Blenkinsop v Herbert

Case

[2017] WASC 4

11 JANUARY 2017


JURISDICTION     :   SUPREME COURT OF WESTERN AUSTRALIA

IN CHAMBERS

CITATION:   BLENKINSOP -v- HERBERT [2017] WASC 4

CORAM:   CHANEY J

HEARD:   13 DECEMBER 2016

DELIVERED          :   13 DECEMBER 2016

PUBLISHED           :  11 JANUARY 2017

FILE NO/S:   CIV 3029 of 2016

BETWEEN:   ROSS ALEXANDER BLENKINSOP

Plaintiff

AND

JEFFREY LAURENCE HERBERT
Defendant

Catchwords:

Injunction - Validity of appointment of trustee restraint on interfering with management and administration of trust

Legislation:

Nil

Result:

Injunction granted

Category:    B

Representation:

Counsel:

Plaintiff:     In person

Defendant:     Mr S J Dundas

Solicitors:

Plaintiff:     In person

Defendant:     HWL Ebsworth Lawyers

Case(s) referred to in judgment(s):

Nil

CHANEY J

(This judgment was delivered extemporaneously on 13 December 2016 and has been edited from the transcript)

  1. The application before me today is an application commenced by chamber summons filed on 9 December 2016, which in substance seeks an interlocutory injunction against the plaintiff in favour of the defendant to restrain the plaintiff from:

    •interfering with or removing the defendant as trustee of the Blenkinsop Family Trust or the Blenkinsop Family Trust No 2;

    •interfering with or removing the defendant from conducting the day to day management and administration of the Blenkinsop Family Trust and the Blenkinsop Family Trust No 2; and

    •representing to any person that is not the defendant or a beneficiary of the trusts that the plaintiff is the trustee of the two Trusts and that the defendant is not the trustee.

  2. Further orders that the defendant seeks is that he be permitted to operate, deposit, transact, dispose or otherwise deal with any of the funds held in the bank account for the benefit of the two Trusts, in accordance with the powers of the trust deeds, and that there be liberty to apply on 24 hours' notice.

  3. The matter arises in a context where the defendant was appointed as trustee of the two Trusts on 15 December 2015 following defended proceedings before Allanson J.  The defendant is a registered liquidator, official liquidator and chartered accountant and was appointed in the context of very considerable dispute and breakdown in the relationship between the various beneficiaries of the two Trusts.

  4. In September of this year the plaintiff circulated an email to three of his family members whom he asserts are the present appointors under the Trusts, or more particularly (although without providing any evidence in relation to this question), he says that two of those three are not currently appointors under the Trust but were sent the email to avoid argument on that question.  That email contained within it a document described as 'Appointor Paper' which outlined a number of concerns which the plaintiff had in relation to the administration of the Trust by the defendant as trustee.  In the body of that  paper, which extends for three pages, it is said 'if Herbert is terminated, then I propose the new trustee be Ross Blenkinsop' - that is the plaintiff himself.

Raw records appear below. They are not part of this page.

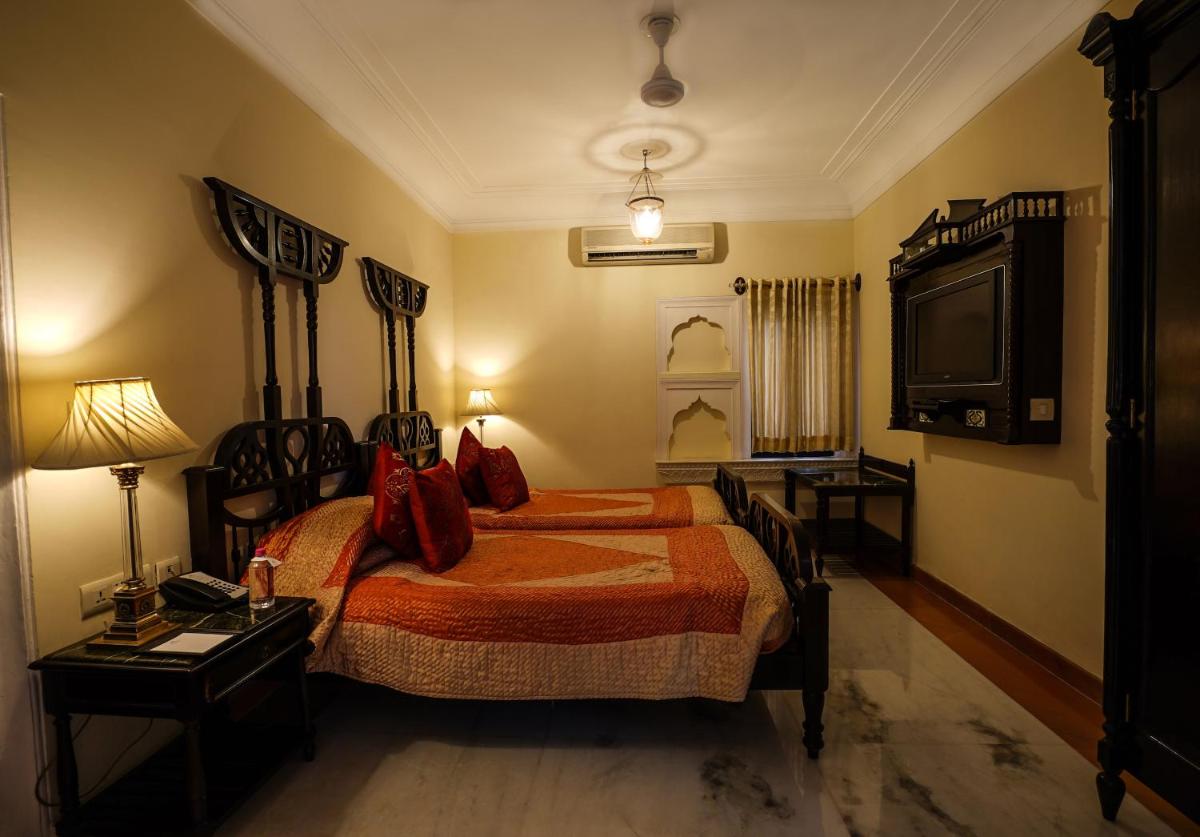 a bedroom with a bed and a television in it at Shahpura House in Jaipur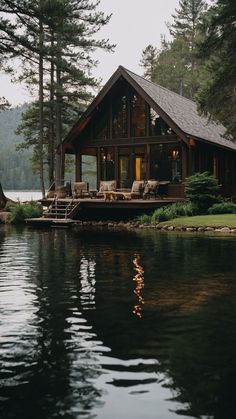 a house sitting on top of a lake next to a forest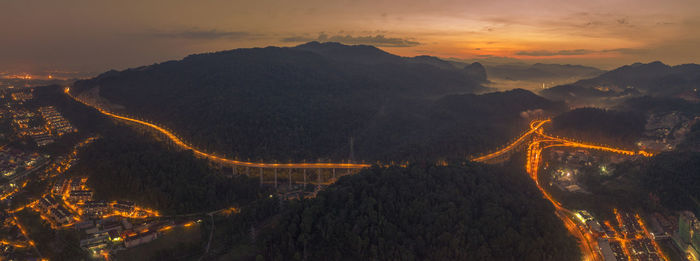 Aerial view of illuminated mountain against sky at sunset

  5. Towards the end of the Appointor Paper, there is reference to a proposed resolution that Mr Herbert be removed as a trustee.  The email was sent according to what the plaintiff asserts is a protocol which applied to meetings of appointors.  That protocol was said to be recited in the closing passage of the Appointor Paper, with the words:

    As per prior voting procedure if you do not vote that will be counted as a positive voting in favour of removing Herbert.  (Either you did not bother to vote or you abstained.)  Voting closes within five calendar days of the date of this email.  If you vote against removal of Herbert please provide reasons which may be referred to a court.

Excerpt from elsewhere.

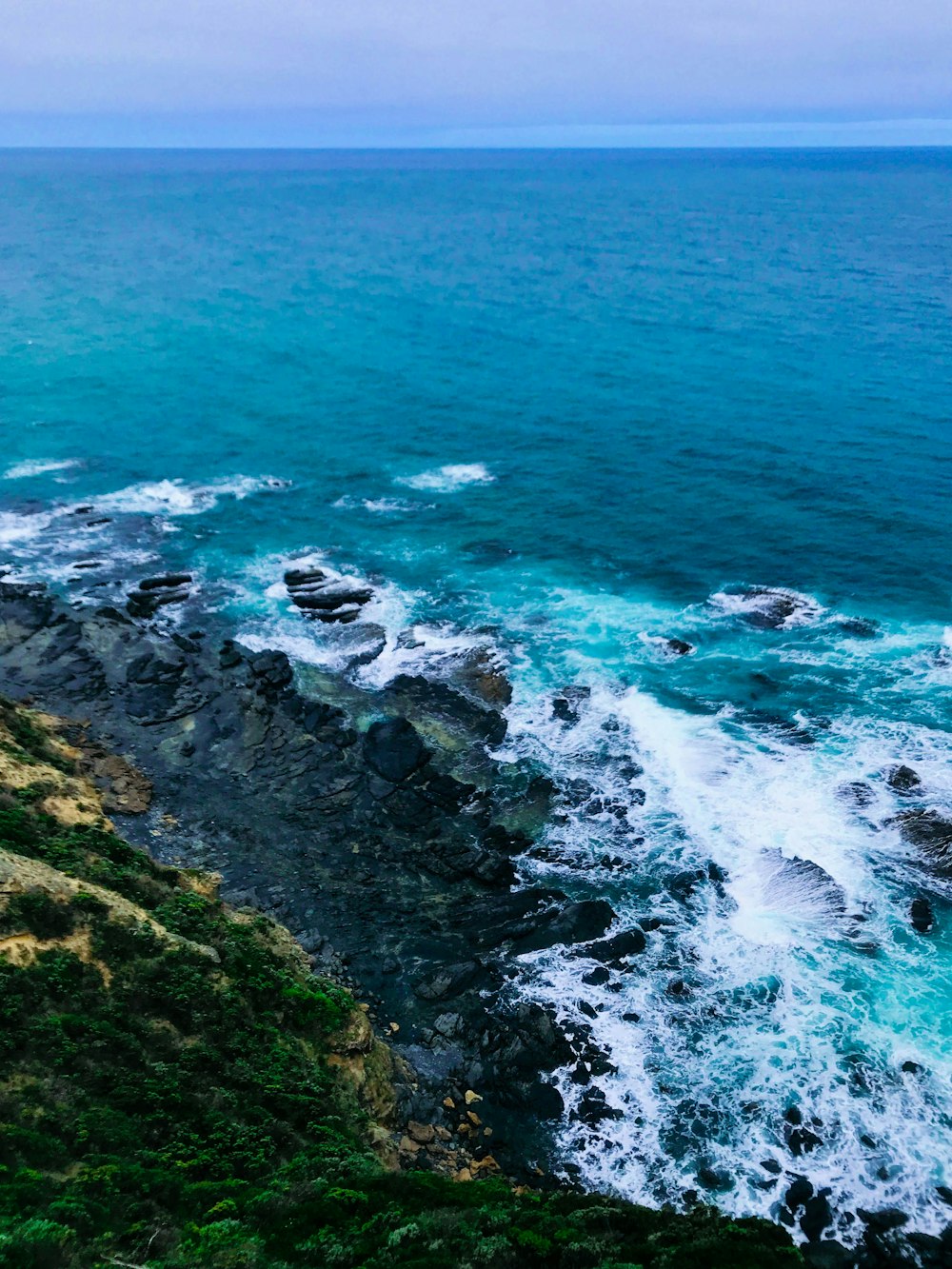 Formazione rocciosa verde e marrone sul mare durante il giorno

  6. I note that that 'protocol' does not mention voting in favour of the appointment of the plaintiff as trustee, which the plaintiff says was a proposed resolution contained earlier in the document.

  7. In any event, it is apparent that none of the other three recipients of the email responded within five days.  The plaintiff treated that as an abstention from voting and executed a document entitled 'Appointor Meeting'.  That document set out the two resolutions in the Appointor Paper to which I have referred and recited that the three other recipients had abstained in relation to each resolution, and that the plaintiff had voted in favour.

  8. On the basis of that 'meeting', the plaintiff then executed two documents, which are annexure RB5 to his affidavit, which are described as 'Instrument of Appointment and Removal of Trustee', in the same terms in relation to each of the two Trusts.  Those documents recited that the defendant 'is hereby removed as trustee of the Trust and Ross Blenkinsop of [his address] is hereby appointed as trustee of the Trust'.

  9. Those documents were signed by the plaintiff but not by the other recipients of the Appointor Paper email.

  10. Subsequent to those documents being signed on 29 September 2016, they were provided to the defendant.  The affidavit of Cassandra Guy indicates that the plaintiff has undertaken communications with various bodies with whom the trustee was dealing in relation to Trust matters, including the National Australia Bank.  Those communications have resulted in the bank effectively restraining any drawings from the Trust bank accounts.  Mr Blenkinsop has also been in touch with the Main Roads Department, with whom Mr Herbert has been dealing in relation to an offer of compensation for compulsory acquisition of Trust property.  That offer, which needs to be actioned by way of acceptance or rejection within a limited time, is subject to appeal rights limited by time.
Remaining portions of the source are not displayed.